>>>
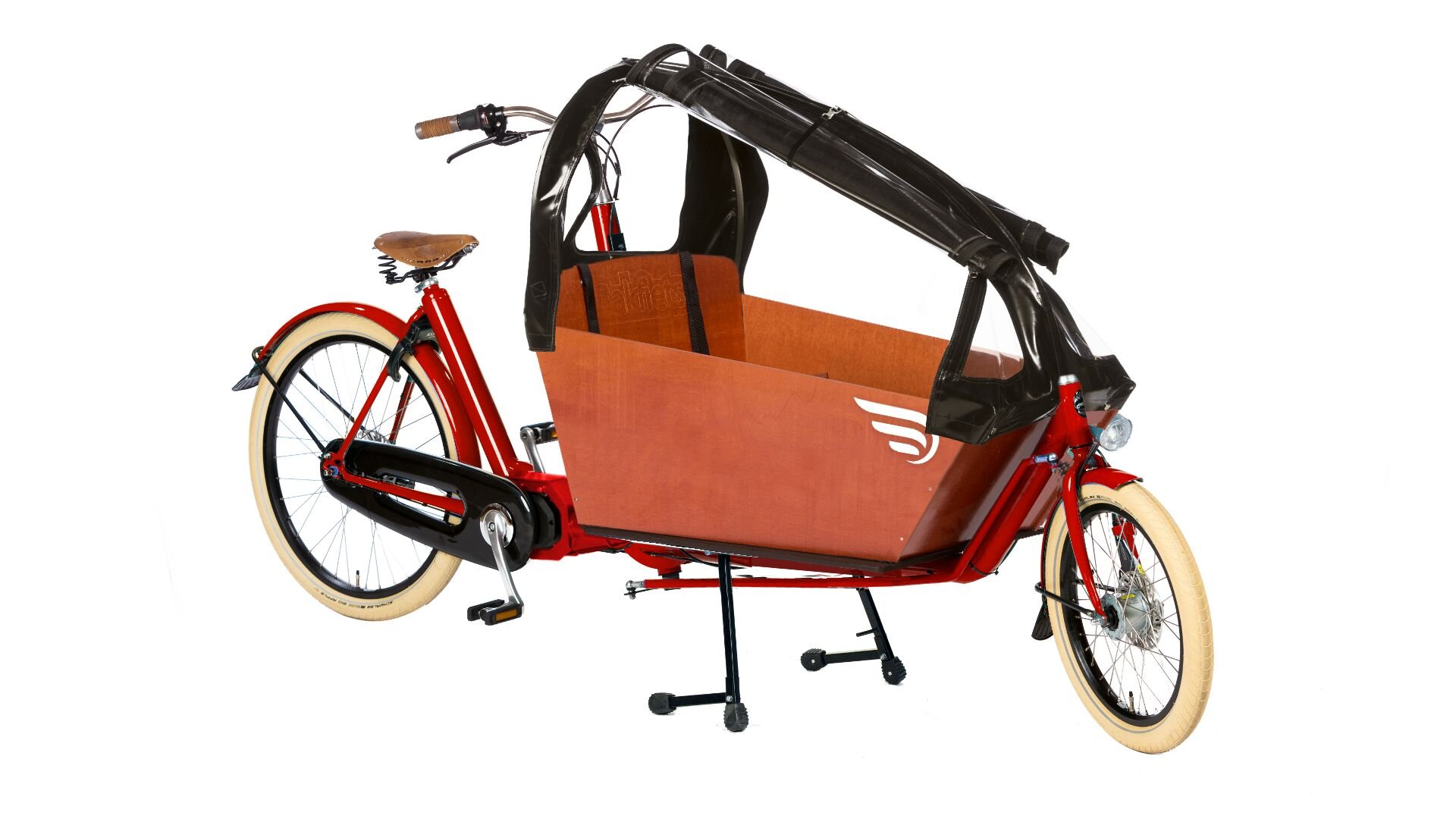 Biporteur Bakfiets Confort STEPS avec cadre rouge et protection pluie noire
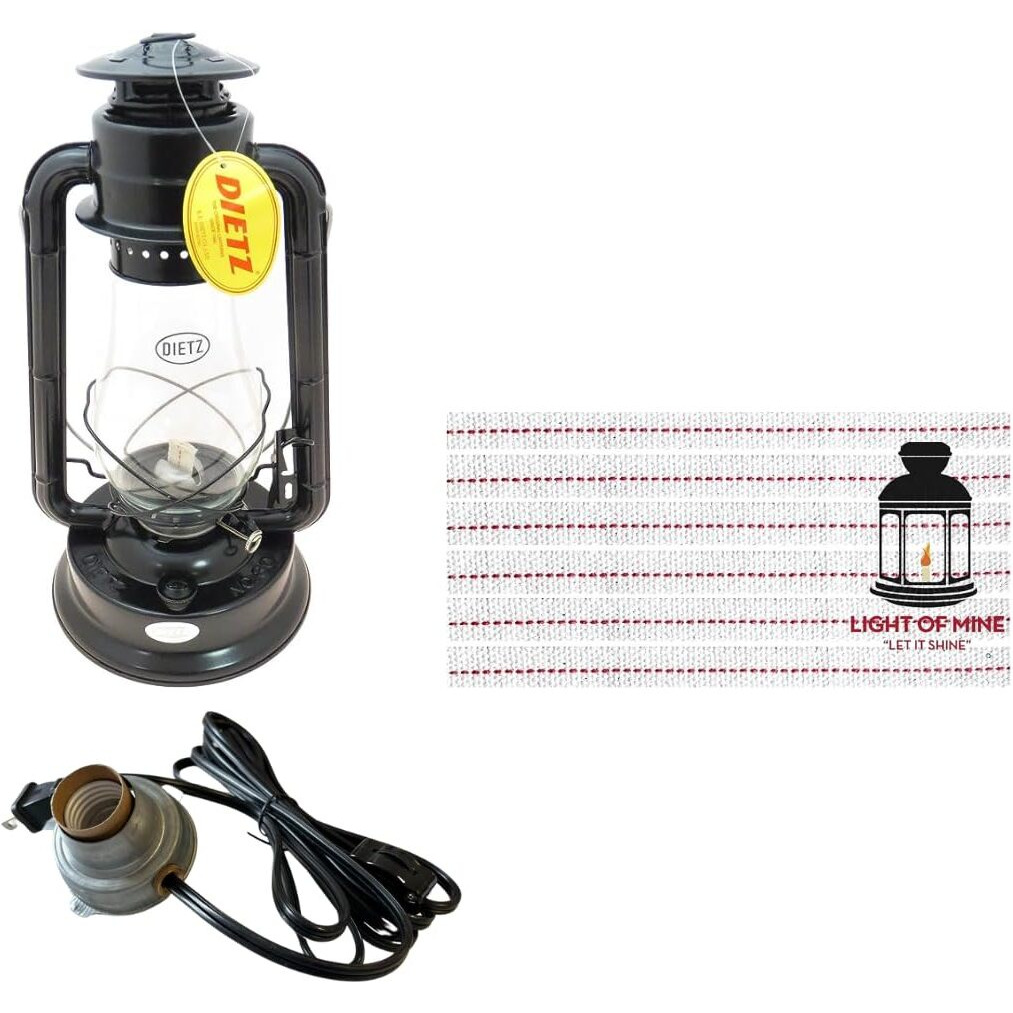 Light Of Mine - Dietz 80 Blizzard Oil Lantern With 7/8"" Replacement Wick Strips (Black With Electric Conversion Kit)
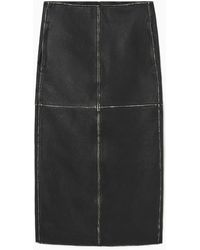 COS - Paneled Leather Racer Midi Skirt - Lyst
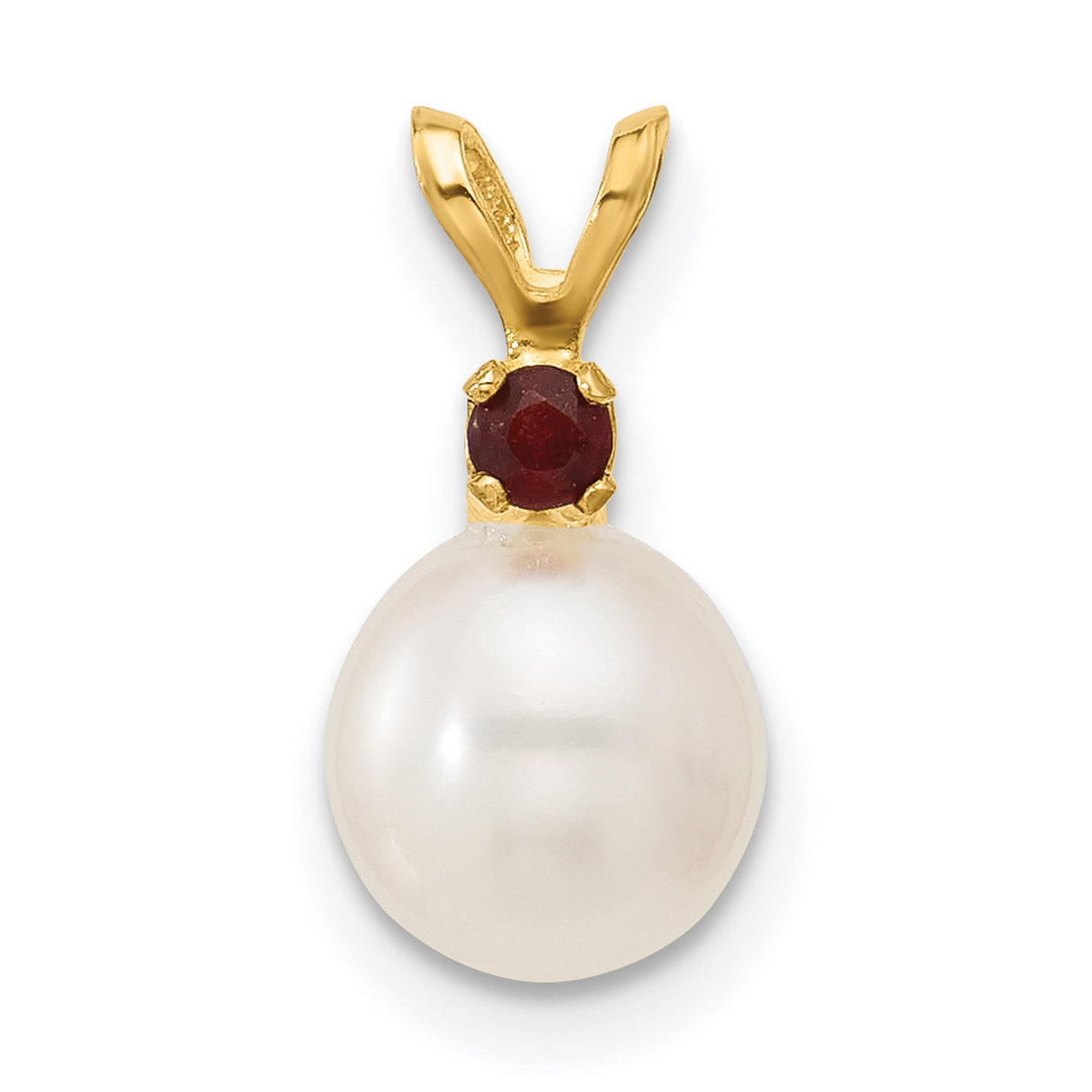14k Yellow Gold Pendant with Garnet and Pearl, Classic Dainty Charm Design for Women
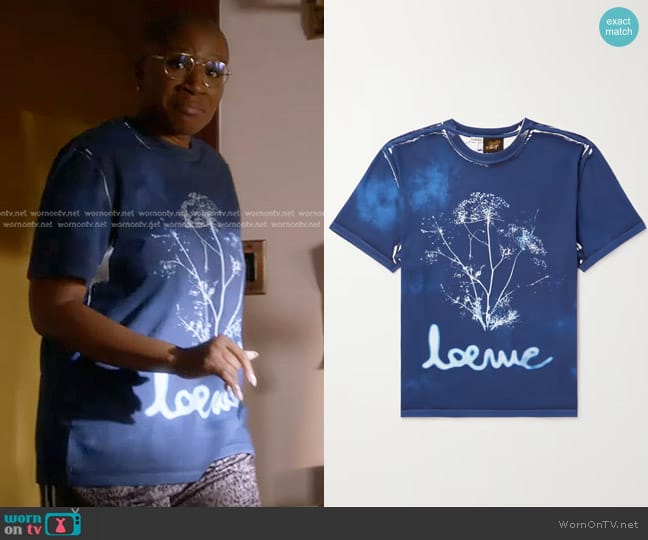 Loewe x Paula's Ibiza  Printed Cotton-Jersey T-Shirt worn by Henrietta Wilson (Aisha Hinds) on 9-1-1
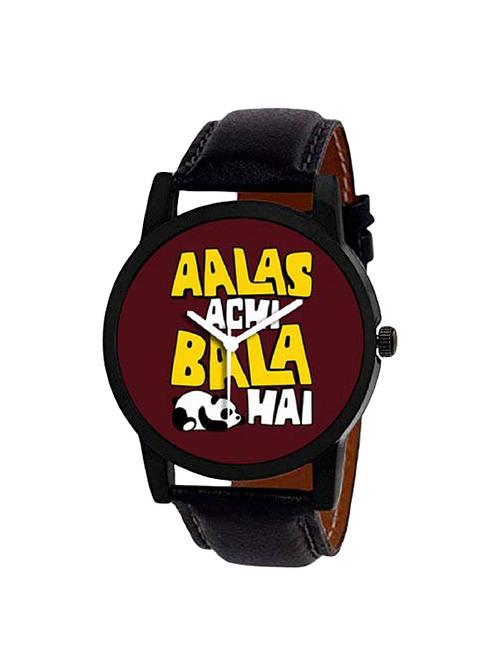 jack klein men's stylish brown dial black strap analog watch - 16242904 - Standard Image - 1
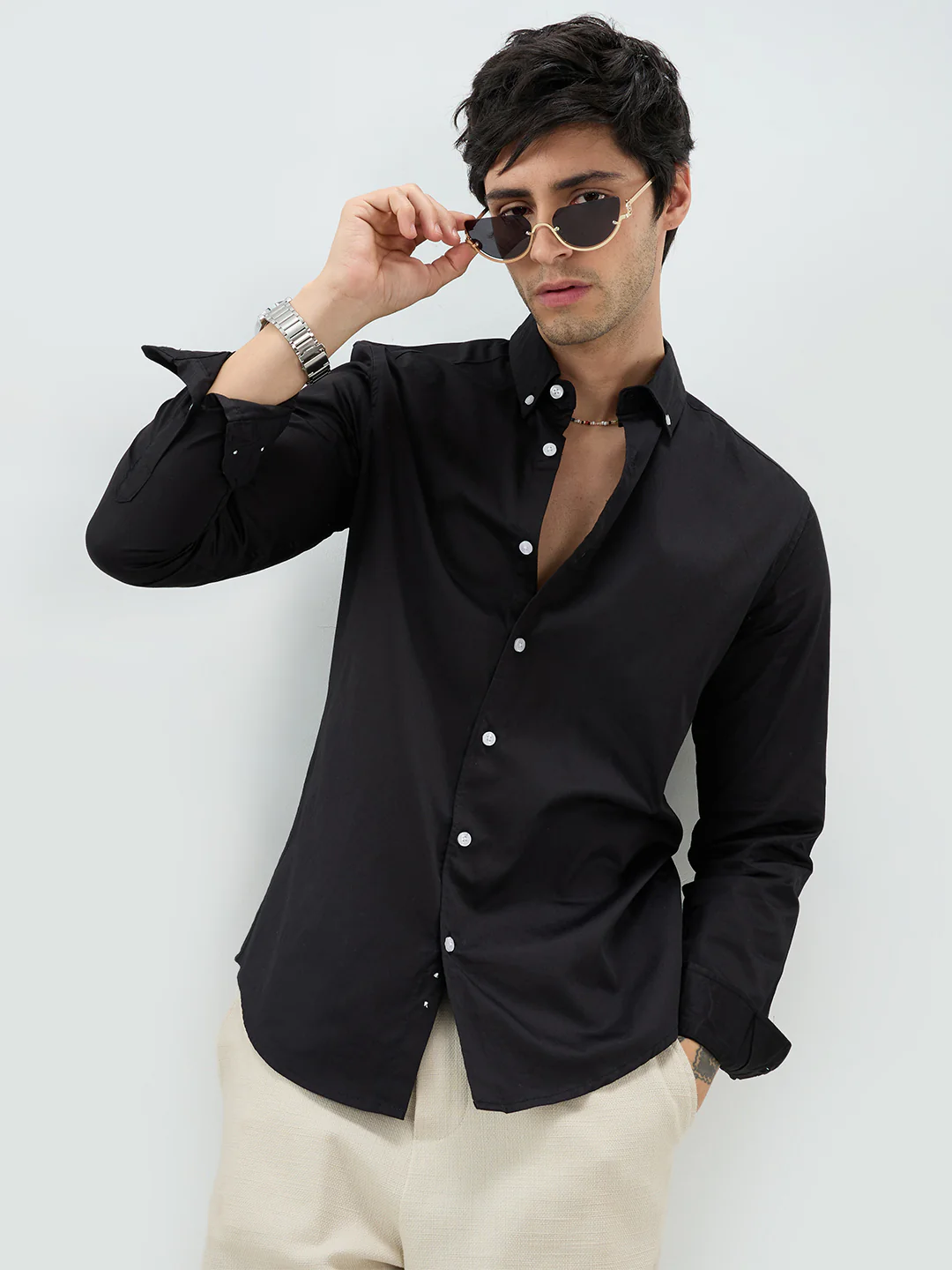 Jet Black Satin Button-Down Collar Luxe Shirt - Image 2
<<<
**ABOUT THIS EXERCISE**
Using the material above, restate word for word the lines from the line that has "jack klein men's" to the last line, inclusive, with pictures omitted.

**RESPONSE TO THIS EXERCISE**
 jack klein men's stylish brown dial black strap analog watch - 16242904 - Standard Image - 1
 Jet Black Satin Button-Down Collar Luxe Shirt - Image 2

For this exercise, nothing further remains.